The assembly of an exemplary water heater according to one embodiment of the invention is illustrated in FIG. 1A through FIG. 1C. FIG. 1A shows an exploded perspective view of an exemplary pre-assembled water heater, including a tank, a foam dam, a thermostat, and a thermostat bracket according to one embodiment of the invention. As shown in FIG. 1A, a heating element 102 extends within water heater tank 100. FIG. 1A also shows a thermostat 104, a thermostat bracket 106 and a foam dam 108 to be assembled.

A thermostat may include one or more electrical components for operating the water heater. It may be desirable to limit user access to the electrical components, the heating element or other components which may cause harm to the user if the user contacts any of these components.

FIG. 1B shows the next step of assembling the exemplary water heater according to one embodiment of the invention.

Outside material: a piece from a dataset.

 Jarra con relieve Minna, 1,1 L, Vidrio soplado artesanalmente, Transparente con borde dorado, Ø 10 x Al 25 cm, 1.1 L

As shown in FIG. 1B, heating element 102, thermostat 104 and thermostat bracket 106 are assembled together and coupled to water heater tank 100. Water heater tank 100 is coupled to water heater jacket base 110. FIG. 1B also shows a water heater jacket 112, which includes a jacket aperture 114, and is shown surrounding a portion of water heater tank 100. FIG. 1B also shows foam dam 108 and a control access cover 116 to be assembled. The precise location of heating element 102, thermostat 104, thermostat bracket 106 and jacket aperture 114 shown in FIG. 1B is merely illustrative and is not limiting.

FIG. 1C shows the next step of assembling the exemplary water heater according to one embodiment of the invention. As shown in FIG. 1C, water heater jacket 112 surrounds water heater tank 100 (not shown) and sits on top of jacket base 110. Foam dam 108 is seen through jacket aperture 114 positioned between water heater tank 100 (not shown) and water heater jacket 112. FIG. 1C also shows control access cover 116 to be coupled to water heater jacket 112 for covering jacket aperture 114.

FIG. 2A through FIG. 2E show different views of an exemplary foam dam according to one embodiment of the invention. It is contemplated that exemplary foam dams may be used with electric, gas or oil water heaters. For purposes of illustration only, foam dams are shown and described herein primarily in connection with electric water heaters.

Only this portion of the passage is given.